Which lines belong in your copy? Those from the start of the data through the line with "Flower LED Semi", exactly as written, without any pictures.

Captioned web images
──────

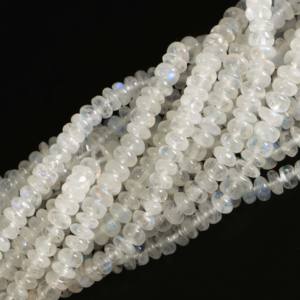 Cuentas Redondas Lisas de Piedra Lunar Arcoíris de 3.5-5.5 mm, Cuentas Sueltas de Piedra Lunar con Destello Azul Natural, 16 Pulgadas para la Fabricación de Joyas - Product Image 4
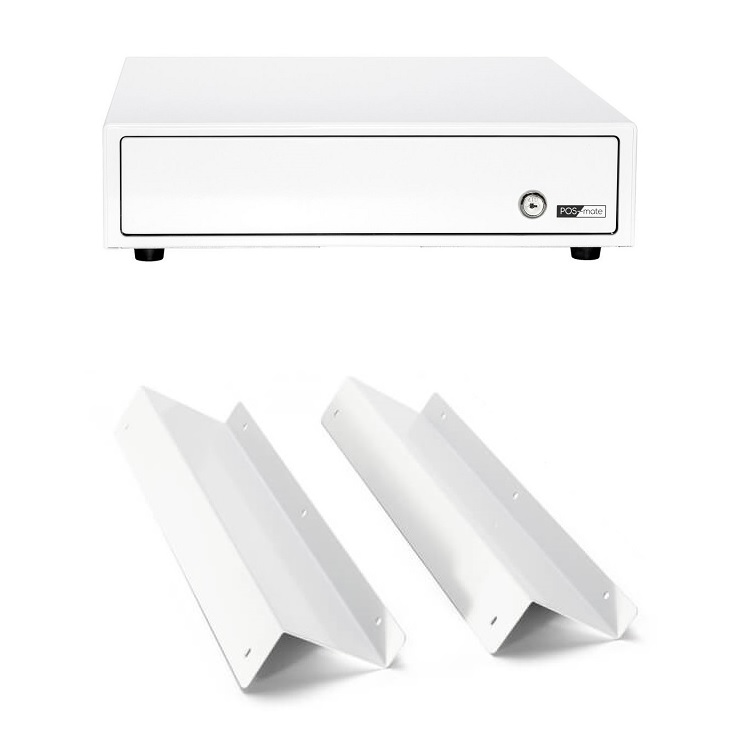 POS-Mate Manual Cash Drawer with Under Counter Bracket Bundle White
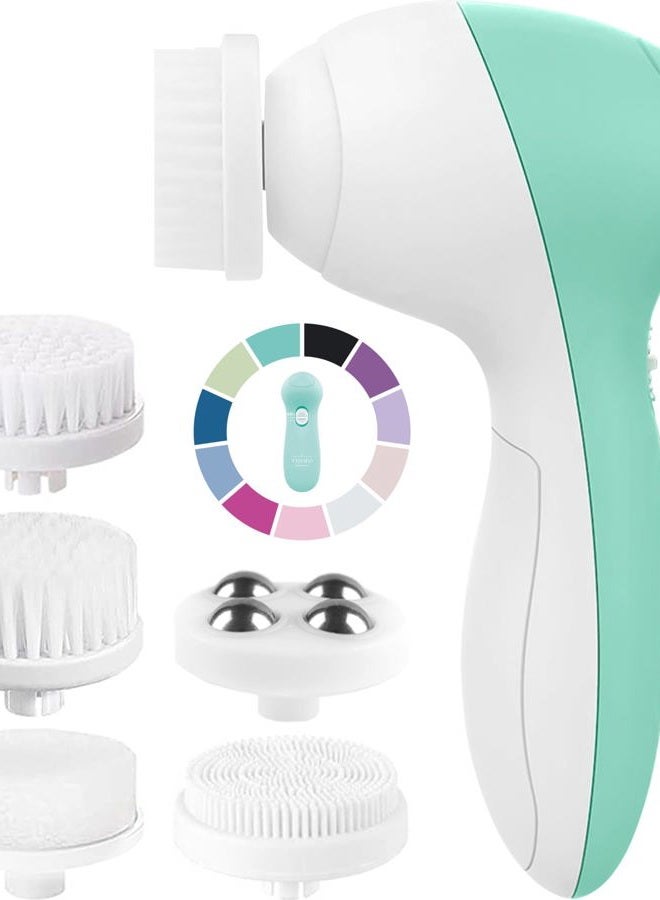 VISOFO Face Scrubber | Facial Cleansing Brush Exfoliator Skin Care Products Beauty Products Powered Electric Wash Exfoliating Spin Cleanser Cleaning Scrub Including 7 Heads (Opal) - Image 1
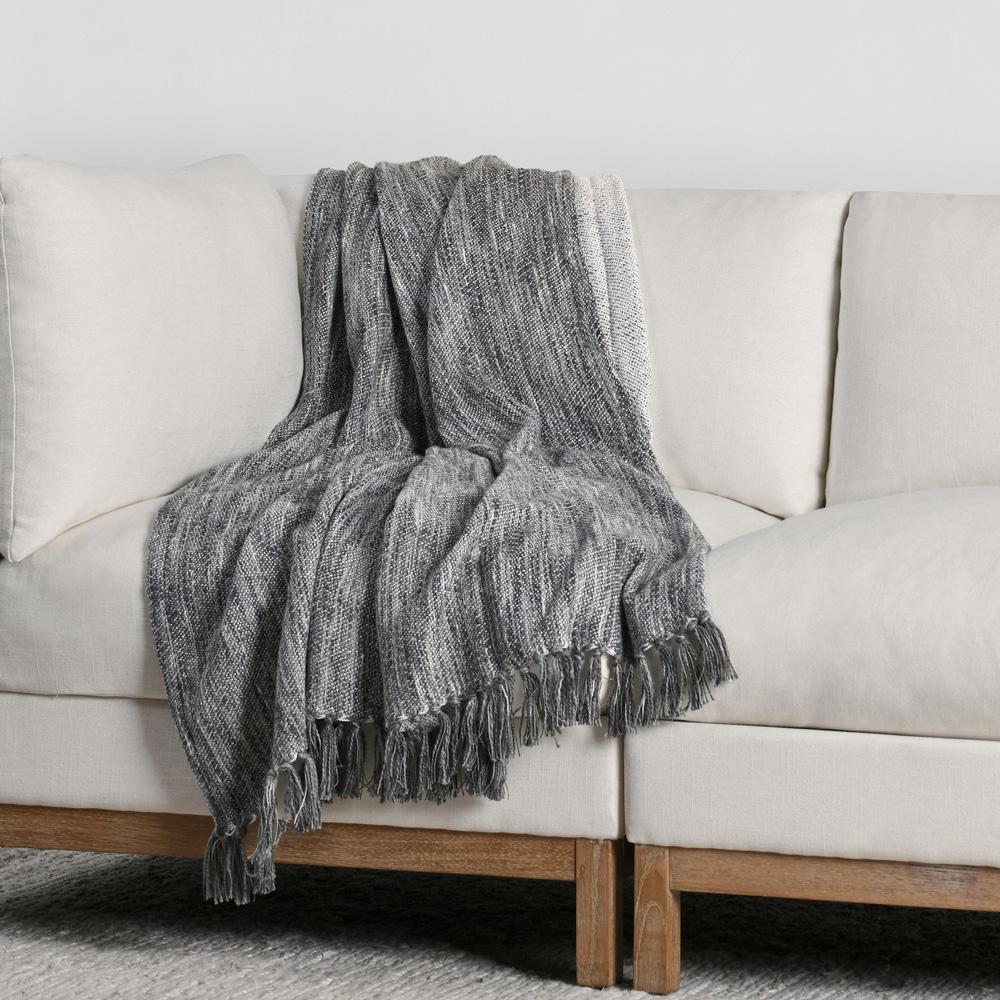 Villa by Classic Home - Tc Sharma Cotton Blend 50inX70in Gray Throw Blanket Blanket - 50W - Gray - V290139 veiw 5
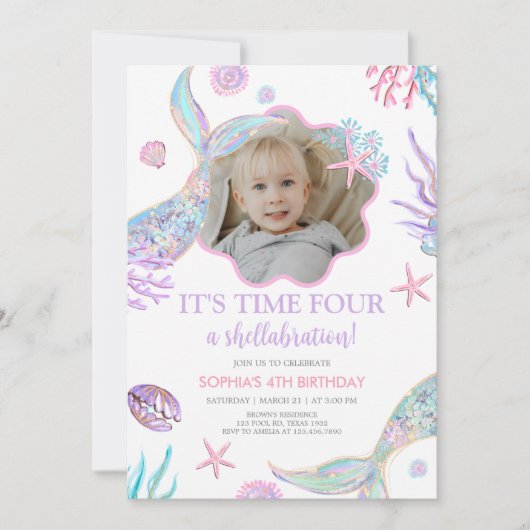 Mermaid Tail Fourth Birthday Party  招待状 (正面)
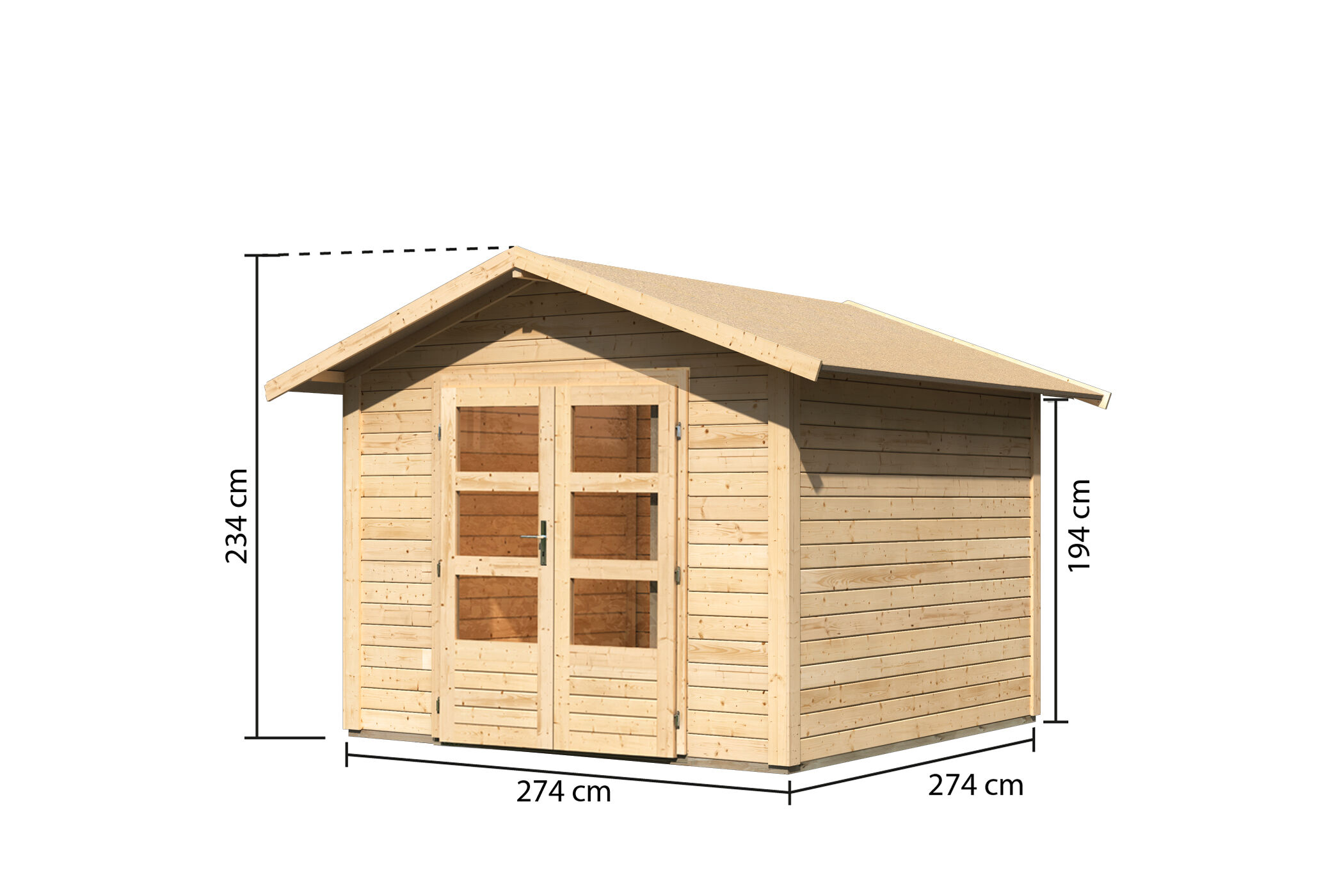 Bemaßte Maßzeichnung des Karibu Gartenhaus Talkau 6 mit Bemaßung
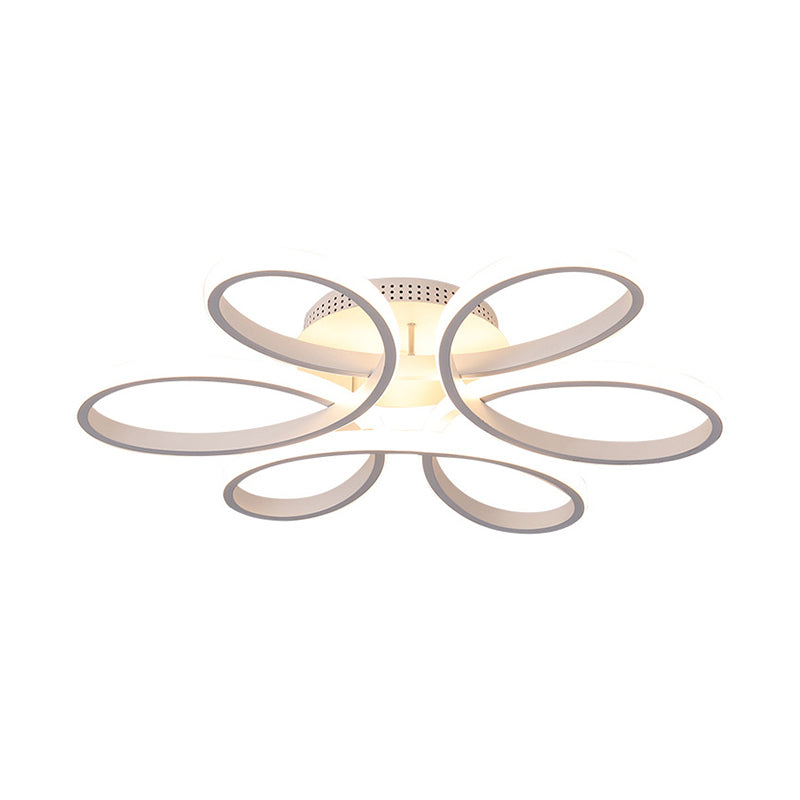 Flower LED Semi Flush Modern Style Acrylic Living Room Flush Ceiling Light Fixture in White
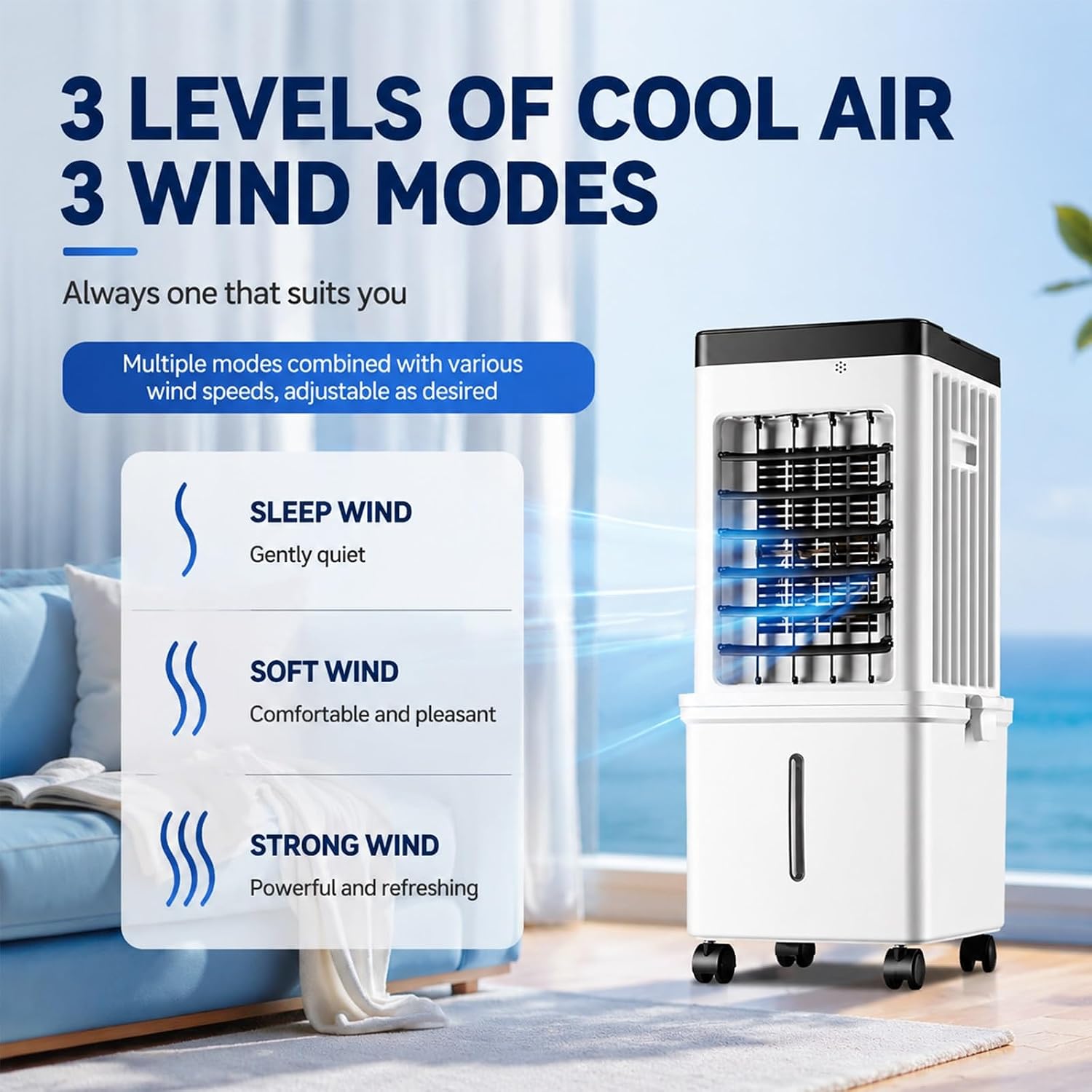  Rafraichisseur D'air Portable, Refroidisseur à Marais Avec Réservoir D'Eau Amovible De 10 L, Climatiseur Sans Fenêtre Oscillant à 3 Vitesses Pour Pièce, Chambre Et Bureau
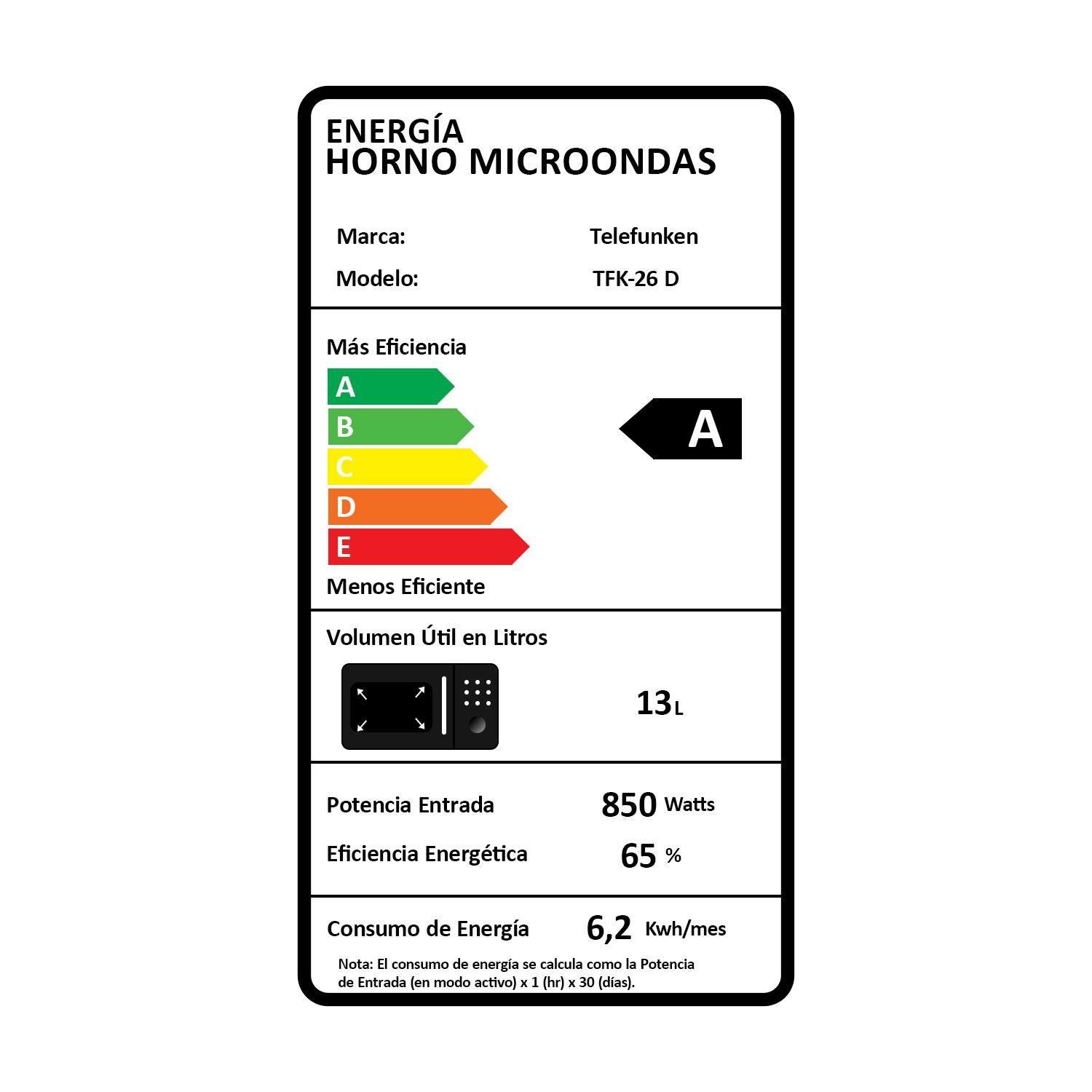 Horno Microondas Telefunken TFK-26 DG-6
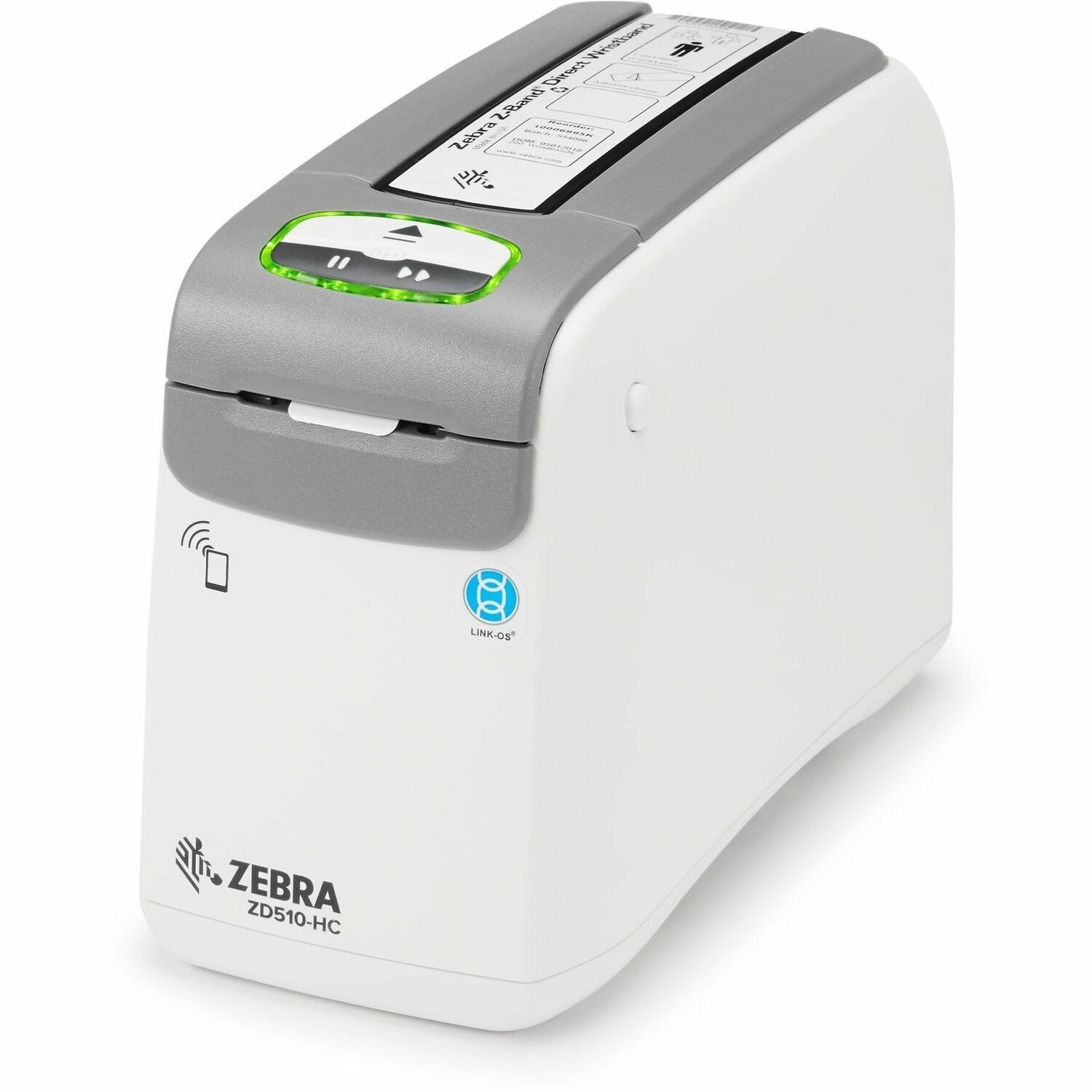 Zebra ZD510-HC Healthcare, Hospitality Direct Thermal Printer - Monochrome - Desktop - Wristband Print - Fast Ethernet - USB - USB Host - Bluetooth 4.1 - IEEE 802.11ac Wireless LAN - Near Field Communication (NFC) - TAA Compliant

──────

Exercise solution.
 Cuentas Redondas Lisas de Piedra Lunar Arcoíris de 3.5-5.5 mm, Cuentas Sueltas de Piedra Lunar con Destello Azul Natural, 16 Pulgadas para la Fabricación de Joyas - Product Image 4
 POS-Mate Manual Cash Drawer with Under Counter Bracket Bundle White
 VISOFO Face Scrubber | Facial Cleansing Brush Exfoliator Skin Care Products Beauty Products Powered Electric Wash Exfoliating Spin Cleanser Cleaning Scrub Including 7 Heads (Opal) - Image 1
 Villa by Classic Home - Tc Sharma Cotton Blend 50inX70in Gray Throw Blanket Blanket - 50W - Gray - V290139 veiw 5
 Mermaid Tail Fourth Birthday Party  招待状 (正面)
 Bemaßte Maßzeichnung des Karibu Gartenhaus Talkau 6 mit Bemaßung
 Flower LED Semi Flush Modern Style Acrylic Living Room Flush Ceiling Light Fixture in White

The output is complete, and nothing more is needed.